EXERCISE DATA:
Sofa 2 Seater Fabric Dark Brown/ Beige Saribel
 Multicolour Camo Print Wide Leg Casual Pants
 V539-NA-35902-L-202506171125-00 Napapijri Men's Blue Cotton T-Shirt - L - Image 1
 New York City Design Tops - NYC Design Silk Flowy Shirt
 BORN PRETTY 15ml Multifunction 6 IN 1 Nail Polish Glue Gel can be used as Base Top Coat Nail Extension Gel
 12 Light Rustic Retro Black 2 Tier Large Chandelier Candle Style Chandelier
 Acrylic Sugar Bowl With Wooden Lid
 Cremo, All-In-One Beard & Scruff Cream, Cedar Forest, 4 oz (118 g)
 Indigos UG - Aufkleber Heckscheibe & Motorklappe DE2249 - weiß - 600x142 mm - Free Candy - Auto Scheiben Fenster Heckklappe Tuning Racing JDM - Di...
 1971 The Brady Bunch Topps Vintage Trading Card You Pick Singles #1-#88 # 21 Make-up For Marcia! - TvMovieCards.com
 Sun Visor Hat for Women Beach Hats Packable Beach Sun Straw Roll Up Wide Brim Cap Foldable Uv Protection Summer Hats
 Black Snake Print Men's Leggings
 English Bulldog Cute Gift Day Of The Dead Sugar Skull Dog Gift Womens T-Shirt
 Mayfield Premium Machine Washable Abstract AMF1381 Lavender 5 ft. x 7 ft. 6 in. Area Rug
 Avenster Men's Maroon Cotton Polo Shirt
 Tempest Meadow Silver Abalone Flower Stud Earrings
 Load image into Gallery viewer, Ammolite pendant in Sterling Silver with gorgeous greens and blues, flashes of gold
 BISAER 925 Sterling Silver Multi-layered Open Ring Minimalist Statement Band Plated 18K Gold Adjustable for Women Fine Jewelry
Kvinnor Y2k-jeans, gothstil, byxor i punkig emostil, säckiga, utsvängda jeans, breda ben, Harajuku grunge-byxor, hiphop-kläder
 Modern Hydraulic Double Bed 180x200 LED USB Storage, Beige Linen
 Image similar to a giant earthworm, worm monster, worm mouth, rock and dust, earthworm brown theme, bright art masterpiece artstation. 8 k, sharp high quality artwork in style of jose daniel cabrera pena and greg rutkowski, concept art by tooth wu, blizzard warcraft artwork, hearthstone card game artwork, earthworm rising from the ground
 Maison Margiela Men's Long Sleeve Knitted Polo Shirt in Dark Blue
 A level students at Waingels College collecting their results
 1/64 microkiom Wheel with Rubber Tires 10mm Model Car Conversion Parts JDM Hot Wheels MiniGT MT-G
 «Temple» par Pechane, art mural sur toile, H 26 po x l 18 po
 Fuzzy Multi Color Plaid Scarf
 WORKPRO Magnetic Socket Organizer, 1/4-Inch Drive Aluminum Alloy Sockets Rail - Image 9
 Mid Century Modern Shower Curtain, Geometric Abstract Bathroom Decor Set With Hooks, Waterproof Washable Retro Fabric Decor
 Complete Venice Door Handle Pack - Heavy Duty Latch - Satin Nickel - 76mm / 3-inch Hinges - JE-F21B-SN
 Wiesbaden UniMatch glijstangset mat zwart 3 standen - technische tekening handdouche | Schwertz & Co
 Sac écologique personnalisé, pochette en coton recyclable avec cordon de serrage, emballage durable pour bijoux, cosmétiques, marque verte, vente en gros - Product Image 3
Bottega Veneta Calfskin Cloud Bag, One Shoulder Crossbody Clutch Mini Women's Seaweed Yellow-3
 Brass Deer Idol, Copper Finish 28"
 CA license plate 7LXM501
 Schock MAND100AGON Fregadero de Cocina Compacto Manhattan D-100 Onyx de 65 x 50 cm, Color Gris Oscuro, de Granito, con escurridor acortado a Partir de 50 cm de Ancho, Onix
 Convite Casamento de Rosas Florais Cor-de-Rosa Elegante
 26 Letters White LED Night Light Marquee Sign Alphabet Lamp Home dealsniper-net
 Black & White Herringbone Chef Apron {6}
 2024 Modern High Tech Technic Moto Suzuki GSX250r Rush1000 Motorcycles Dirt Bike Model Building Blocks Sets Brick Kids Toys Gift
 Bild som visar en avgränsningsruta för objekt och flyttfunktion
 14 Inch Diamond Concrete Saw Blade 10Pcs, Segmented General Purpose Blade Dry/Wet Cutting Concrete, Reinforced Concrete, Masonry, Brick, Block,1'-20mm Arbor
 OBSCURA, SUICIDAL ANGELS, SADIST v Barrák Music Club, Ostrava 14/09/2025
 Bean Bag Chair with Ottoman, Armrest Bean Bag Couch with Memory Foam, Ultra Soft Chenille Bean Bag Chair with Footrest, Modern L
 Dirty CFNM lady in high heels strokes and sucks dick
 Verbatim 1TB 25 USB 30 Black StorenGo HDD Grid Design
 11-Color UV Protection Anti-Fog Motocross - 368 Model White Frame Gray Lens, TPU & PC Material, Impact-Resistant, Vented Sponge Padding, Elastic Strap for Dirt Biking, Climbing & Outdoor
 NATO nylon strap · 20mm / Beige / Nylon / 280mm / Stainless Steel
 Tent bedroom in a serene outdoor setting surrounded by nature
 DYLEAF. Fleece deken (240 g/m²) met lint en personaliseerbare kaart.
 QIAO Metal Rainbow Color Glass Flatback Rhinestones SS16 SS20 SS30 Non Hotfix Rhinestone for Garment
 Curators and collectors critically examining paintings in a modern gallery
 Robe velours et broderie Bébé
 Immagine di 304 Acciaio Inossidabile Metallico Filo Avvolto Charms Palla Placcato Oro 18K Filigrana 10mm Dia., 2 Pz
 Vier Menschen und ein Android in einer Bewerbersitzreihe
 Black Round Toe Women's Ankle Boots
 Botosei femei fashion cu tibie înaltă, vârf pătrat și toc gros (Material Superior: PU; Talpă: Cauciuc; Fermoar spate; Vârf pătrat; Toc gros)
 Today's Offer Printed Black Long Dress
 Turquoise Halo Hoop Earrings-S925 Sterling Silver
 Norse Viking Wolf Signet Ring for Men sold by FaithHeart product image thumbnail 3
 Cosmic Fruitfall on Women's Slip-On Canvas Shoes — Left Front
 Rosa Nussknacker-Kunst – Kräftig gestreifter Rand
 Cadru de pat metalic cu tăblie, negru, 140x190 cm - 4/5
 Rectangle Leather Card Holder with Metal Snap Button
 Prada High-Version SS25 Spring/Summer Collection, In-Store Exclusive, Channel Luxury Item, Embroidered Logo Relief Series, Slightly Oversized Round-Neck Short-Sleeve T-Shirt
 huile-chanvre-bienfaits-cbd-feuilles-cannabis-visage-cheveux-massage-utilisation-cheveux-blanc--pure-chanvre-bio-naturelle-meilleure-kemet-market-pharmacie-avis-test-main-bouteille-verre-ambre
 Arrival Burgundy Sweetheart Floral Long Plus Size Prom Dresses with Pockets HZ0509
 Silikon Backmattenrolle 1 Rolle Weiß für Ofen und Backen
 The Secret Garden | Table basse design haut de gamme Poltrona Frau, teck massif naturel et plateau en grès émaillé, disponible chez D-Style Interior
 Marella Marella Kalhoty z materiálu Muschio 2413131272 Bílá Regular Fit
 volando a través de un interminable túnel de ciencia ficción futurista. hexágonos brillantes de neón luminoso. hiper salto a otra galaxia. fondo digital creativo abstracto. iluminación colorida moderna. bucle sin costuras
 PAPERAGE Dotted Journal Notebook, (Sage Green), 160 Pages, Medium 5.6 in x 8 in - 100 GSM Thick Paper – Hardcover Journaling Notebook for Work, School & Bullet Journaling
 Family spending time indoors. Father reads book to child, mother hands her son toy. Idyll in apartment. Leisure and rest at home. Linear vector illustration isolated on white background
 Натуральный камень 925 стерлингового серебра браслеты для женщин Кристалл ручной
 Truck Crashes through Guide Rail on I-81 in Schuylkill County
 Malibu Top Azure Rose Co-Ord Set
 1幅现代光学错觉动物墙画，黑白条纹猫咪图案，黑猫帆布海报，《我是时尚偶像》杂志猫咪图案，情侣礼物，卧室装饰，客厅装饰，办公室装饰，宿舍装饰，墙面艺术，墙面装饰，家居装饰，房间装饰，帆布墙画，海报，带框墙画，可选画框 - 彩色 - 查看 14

EXERCISE BRIEF:
Of all the entries above, repeat only the lines from the line that has "Avenster Men's Maroon Cotton Polo Shirt" to the line that has "CA license plate 7LXM501", both lines included, exactly.

RESULT FOR THIS EXERCISE:
 Avenster Men's Maroon Cotton Polo Shirt
 Tempest Meadow Silver Abalone Flower Stud Earrings
 Load image into Gallery viewer, Ammolite pendant in Sterling Silver with gorgeous greens and blues, flashes of gold
 BISAER 925 Sterling Silver Multi-layered Open Ring Minimalist Statement Band Plated 18K Gold Adjustable for Women Fine Jewelry
Kvinnor Y2k-jeans, gothstil, byxor i punkig emostil, säckiga, utsvängda jeans, breda ben, Harajuku grunge-byxor, hiphop-kläder
 Modern Hydraulic Double Bed 180x200 LED USB Storage, Beige Linen
 Image similar to a giant earthworm, worm monster, worm mouth, rock and dust, earthworm brown theme, bright art masterpiece artstation. 8 k, sharp high quality artwork in style of jose daniel cabrera pena and greg rutkowski, concept art by tooth wu, blizzard warcraft artwork, hearthstone card game artwork, earthworm rising from the ground
 Maison Margiela Men's Long Sleeve Knitted Polo Shirt in Dark Blue
 A level students at Waingels College collecting their results
 1/64 microkiom Wheel with Rubber Tires 10mm Model Car Conversion Parts JDM Hot Wheels MiniGT MT-G
 «Temple» par Pechane, art mural sur toile, H 26 po x l 18 po
 Fuzzy Multi Color Plaid Scarf
 WORKPRO Magnetic Socket Organizer, 1/4-Inch Drive Aluminum Alloy Sockets Rail - Image 9
 Mid Century Modern Shower Curtain, Geometric Abstract Bathroom Decor Set With Hooks, Waterproof Washable Retro Fabric Decor
 Complete Venice Door Handle Pack - Heavy Duty Latch - Satin Nickel - 76mm / 3-inch Hinges - JE-F21B-SN
 Wiesbaden UniMatch glijstangset mat zwart 3 standen - technische tekening handdouche | Schwertz & Co
 Sac écologique personnalisé, pochette en coton recyclable avec cordon de serrage, emballage durable pour bijoux, cosmétiques, marque verte, vente en gros - Product Image 3
Bottega Veneta Calfskin Cloud Bag, One Shoulder Crossbody Clutch Mini Women's Seaweed Yellow-3
 Brass Deer Idol, Copper Finish 28"
 CA license plate 7LXM501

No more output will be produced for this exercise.